Stock Trader's Alamanac: August Outlook

My friend Jeff and his team at Stock Trader’s Almanac put this out each month for their subs, it’s a really good contextual piece for all investors to be aware of.  Visit Stock Trader’s Almanac here.  And follow the Almanac Trader on Twitter. – Josh


First Trading Day in August, Dow Down 10 of Last 15, But Up 3 of Last 5, Russell 2000 Up 6 of Last 8

Dow: 42.9% S&P: 52.4% NAS: 57.1% R1K: 52.4% R2K: 52.4%

“If I owe a million dollars I am lost. But if I owe $50 billion the bankers are lost.”
—Celso Ming (Brazilian journalist)

Psychological: Xanax, Please? Growth is slowing, the labor market is bobbing along, and housing is still in shambles. Normally, this would be sufficient cause for a bearish stance, but since the market bottom of 2009, this has been the criteria used by the Fed to send more liquidity into the financial system. When it arrived, markets soared. The threat to the downside is real, but fear of missing the next big Fed fueled rally is nearly as big. Could we just have more liquidity, please?

Fundamental: Dicey. Second quarter corporate earnings have for the most part bested a bar that was just slightly above ground level, but revenue growth has been lacking. Cost cutting and productivity gains can not improve the bottom line indefinitely. Each laid off employee is going to be one less consumer with money to spend. Second quarter U.S. GDP of just 1.5% is far less than needed for a healthy labor market and solid corporate revenue growth.

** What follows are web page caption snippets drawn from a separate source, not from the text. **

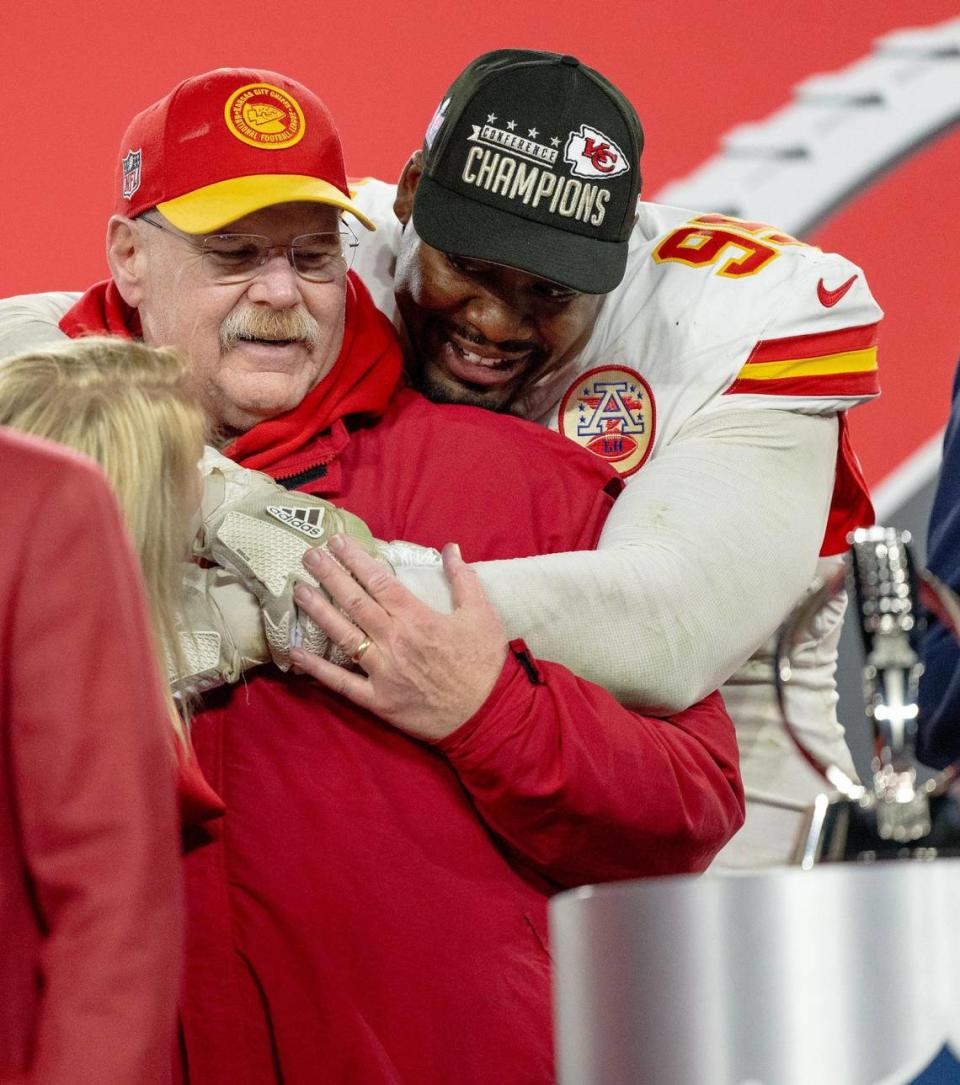 Kansas City Chiefs defensive tackle Chris Jones (95) hugs coach Andy Reid after the Chiefs defeated the Baltimore Ravens 17-10 in the AFC Championship Game on Sunday, Jan. 28, 2024, in Baltimore. Nick Wagner/nwagner@kcstar.com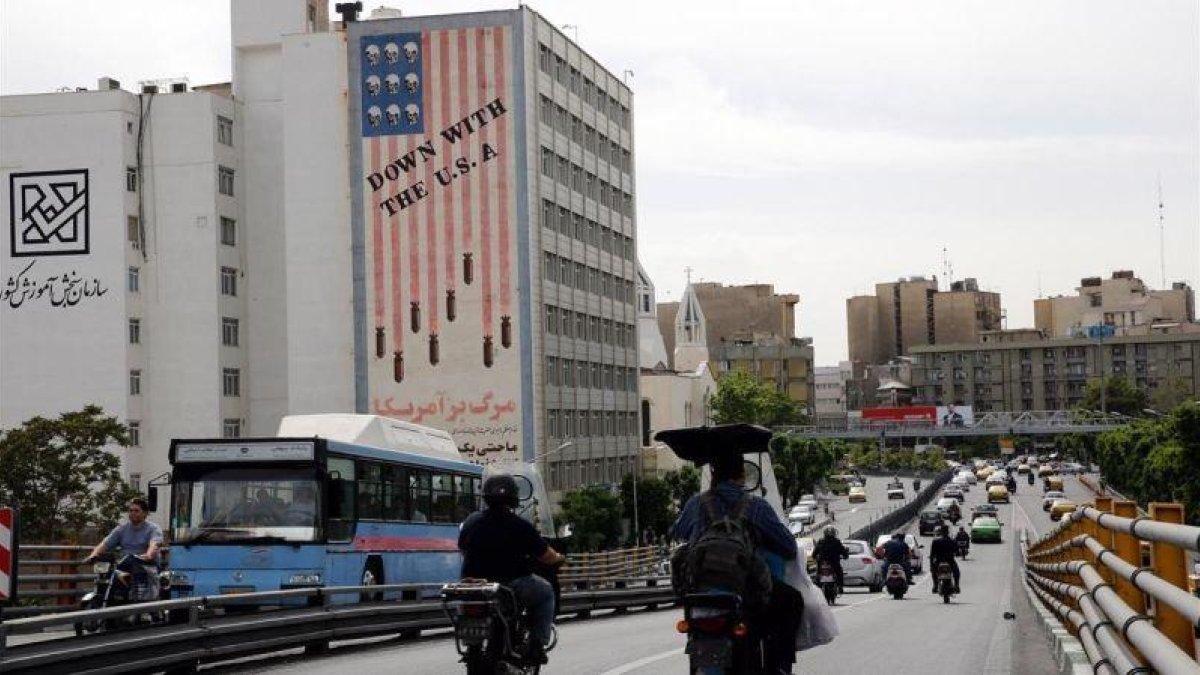 Conductores iranís circulan junto a un edificio en el que aparece una pintada contra Estados Unidos en Teherán.-EFE / ADEDIN TAHERKENAREH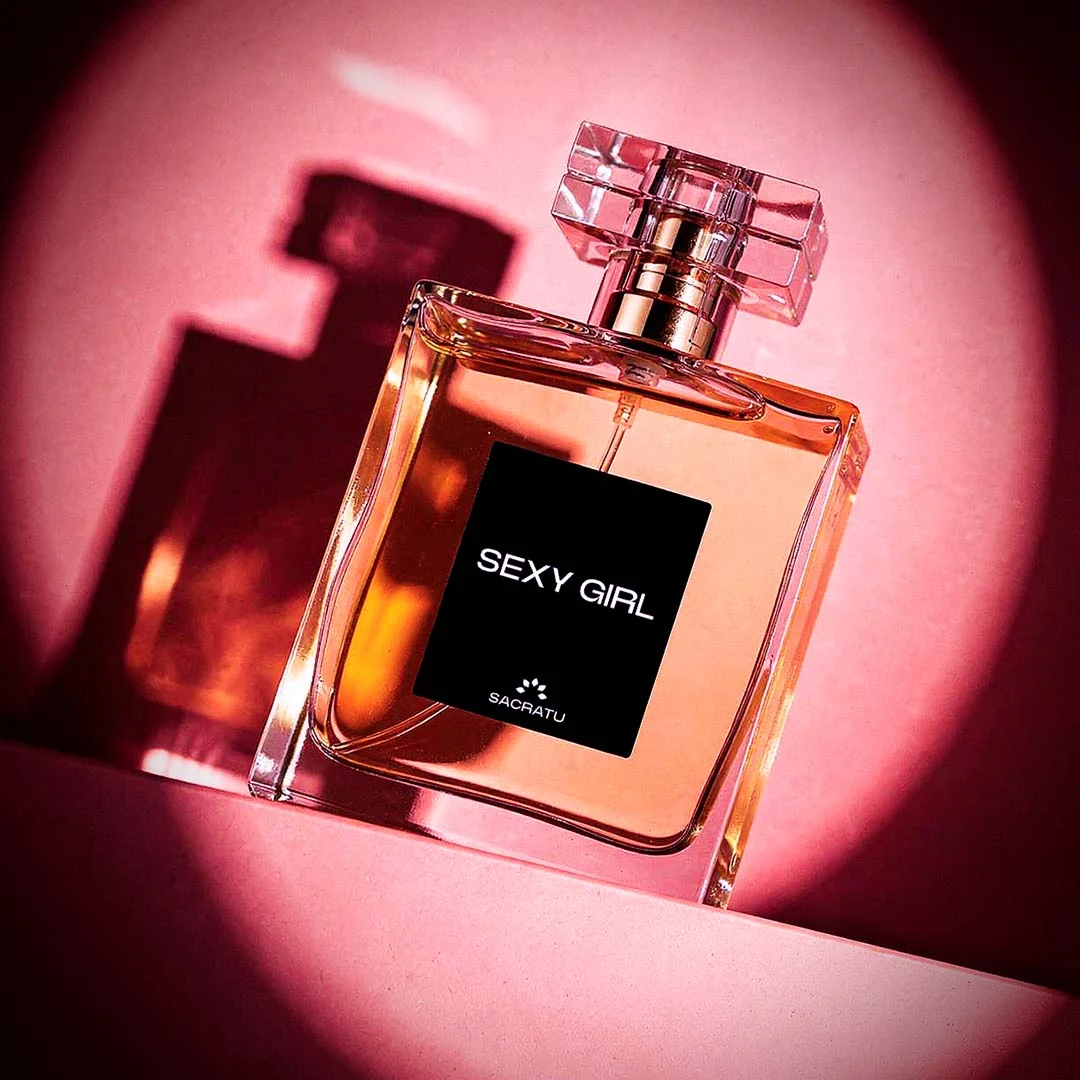 Frasco do perfume Sexy Girl, da Sacratu, em degradê rosa e laranja sob um círculo de luz rosa.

Technical: At Resistance. Respectable June and July gains have lifted DJIA back above 13,000 and within 200 points of a new recovery high, but momentum is fading. The S&P 500 and NASDAQ are even further below their respective previous highs. The two-month trend has been up, but until the major indices can all break out to new highs, it is still early to call the all-clear.

Monetary: 0-0.25%. Bold words have been spoken and the market awaits follow through. The Fed has proven quite predictable since August 2010 when QE2 was first eluded to at Jackson Hole, but the global economy’s real issue is with Europe’s debt crisis. Our Fed cannot fix Europe’s woes, at least not openly. Will the ECB deliver is the question that remains unanswered. Considering its track record and the political roadblocks it faces, recent bold words could likely turn out to be just hot air.

Seasonal: Bearish. August is the worst DJIA, S&P 500, NASDAQ and Russell 2000 month since 1987 with average declines ranging from 0.5% for NASDAQ to 1.2% for DJIA. However, in presidential-election years since 1952, Augusts’ rankings improve significantly to: #4 DJIA and S&P 500 and #1 NASDAQ (since 1972) and Russell 2000 (since 1980). Significant gains in 1984 and 2000 constituent the majority of the improvement in the rankings.